Hope you and all your kitties are happy and healthy!

I was directed to this site by another cat fancier, and must start by saying it is a very nice find! 

I am looking for a white/black female Turkish Van (a.k.a. Swimming Cats), not older than three months, in the New York area (New Jersey, Pennsylvania, Connecticut areas acceptible). 

I have never bought a cat from a breeder and am not familiar with the show circuit cycle, etc...

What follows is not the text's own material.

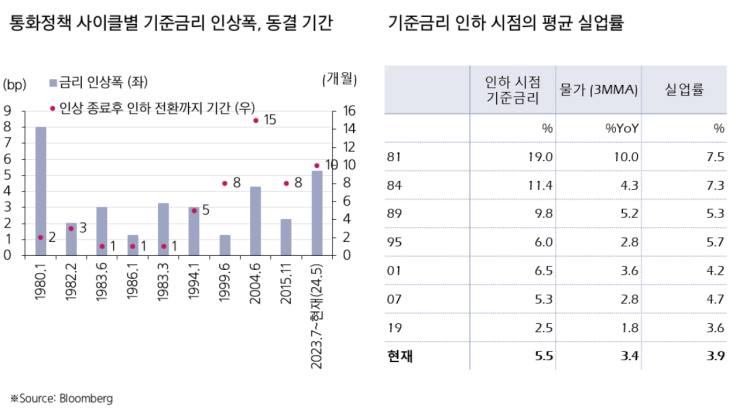  지금 배당주에 투자해야 하는 이유(하반기 전망, 금리인하시점)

There is no hurry on my end, but any information, especially first hand from other Turkish Van owners, about breeders of Vans, and any upcoming cat shows or sites with more information, would be much appreciated. 

Thank you!
Yemy


----------



## Wayne (Feb 1, 2003)

You can look up all sorts of catteries on the internet, and New York is one of the places that has many to choose from. Most of them are helpful and friendly. I rescued a cat from our local shelter last summer. After watching him grow up, I thought he was a $1500 snow-white Turkish Angora, with the same coat and blue eyes. After contacting some TA breeders in this state and some in adjacent states, trying to find if anyone had lost a TA on the highway. All responses were negative. The only problem with Foxy's TA profile was his ears, they were't the TA type. Last week at my vet's open house, there was a woman there with a cat who looked like Foxy. She said that her cat was a cross between a Siamese and a Himmy. So, this solved the problem in identifying Foxy's parentage.


----------



## wookie130 (Feb 1, 2004)

I'm not having much luck in New York, but did find a listing in Pennsylvania on this site: http://www.breedlist.com/breeders/turv. ... nnsylvania

These breeders are actually located in Maryland...which I realize isn't what you requested for, but perhaps you may have luck contacting one of these people...and they can redirect you to something closer. http://www.catfancy.com/catfancy/classi ... &State=All

Hopefully you can find what you're looking for...I have been told that my Fergus could quite possibly be part auburn Turkish Van...minus the long bushy coat.


----------



## Wayne (Feb 1, 2003)

I looked at the internet web sites also, and it appears that Europe has the most catteries for Turkish Vans, (sorry about that). I did see a cattery in Maryland and 2 in Ft. Worth. Texas. Definitely not that many to choose from.


----------